Cookies are very small text files which are downloaded to your web browser when you visit ‎certain websites. These files are generally un-intrusive and in their simplest form contain a ‎site name and a unique user ID. When you visit the same website again, it is able to ‎recognise that you have been there before, and tailor the content it displays to you ‎accordingly. For instance, log in data may be recorded in a cookie, allowing you to re-enter ‎secure areas of the website without having to re-submit a username and password.‎

More sophisticated tracking cookies can also record data on the length of time you spend on ‎certain pages, which links you tend to click, even things like your language, preferred page ‎layout and colour scheme. In this respect, cookies are used to improve the browsing ‎experience on frequently-visited websites. ‎

How are they used in online advertising?‎

Cookies have become crucial in online advertising for a number of reasons.
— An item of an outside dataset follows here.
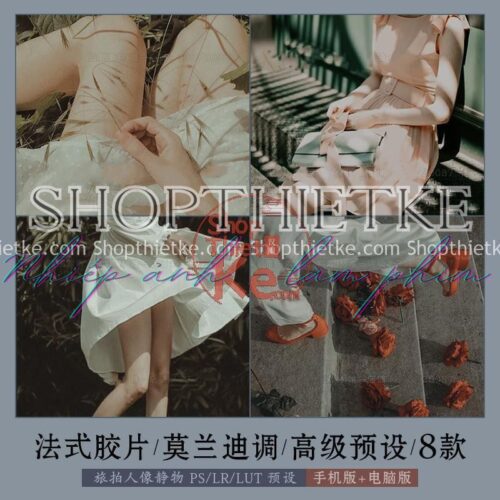 8 Tone Màu Phim Pháp Cổ Điển (Lrtemplate, xmp, dng, cube)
By tracking a ‎user’s online surfing habits, it is possible to target them with adverts which should be more ‎relevant to their interests; this is behaviour-based advertising. Advertising space on websites ‎is auctioned on real-time bidding exchanges, with advertisers bidding for space not just ‎based on the type of site, but also the type of visitor. The cookies stored in a user’s web ‎browser provide a profile of that particular person and their browsing habits, allowing ‎advertisers to target specific groups of people. ‎

Website cookies are known as ‘first-party’ cookies, and the advertisers which have ‎subsequently been invited to target the user of the site, can also download ‘third-party’ ‎cookies to the users browser through their ads. Third-party cookies manage how ads, ‎widgets and other elements of the web page appear, and can control how often ads are ‎repeated for the same user, while also tracking the users browsing habits for advertising ‎purposes. By combining data received from both types of cookie, advertisers are able to ‎characterise and segregate the target audience in a variety of different ways.‎

The future for cookies

Since the inception of cookies there has been an on-going discussion about the storage of ‎personal data and privacy, and in 2012 legislation was passed in the EU requiring every ‎website which uses cookies to ask the users permission to store and retrieve data about ‎them. ‎

The use of third-party tracking cookies has often been a contentious point, as they can be ‎downloaded to a browser despite the user not actually visiting the site they originate from. ‎Mozilla announced early in 2013 that the next version of its Firefox browser will have a ‎default setting to block third party cookies, following Apple’s Safari browser which blocks ‎cookies from sites which have not been visited. Google’s Chrome browser still allows third ‎party cookies by default, and although Microsoft’s Internet Explorer 10 includes a ‘do not ‎track’ default signal, advertisers have already indicated that they may ignore the signal and ‎continue to track via third party cookies, arguing that users retain the ability to block ‎cookies via browser settings if they so wish. How this discussion is eventually resolved could ‎determine to what extent cookies will be used in online advertising in the future.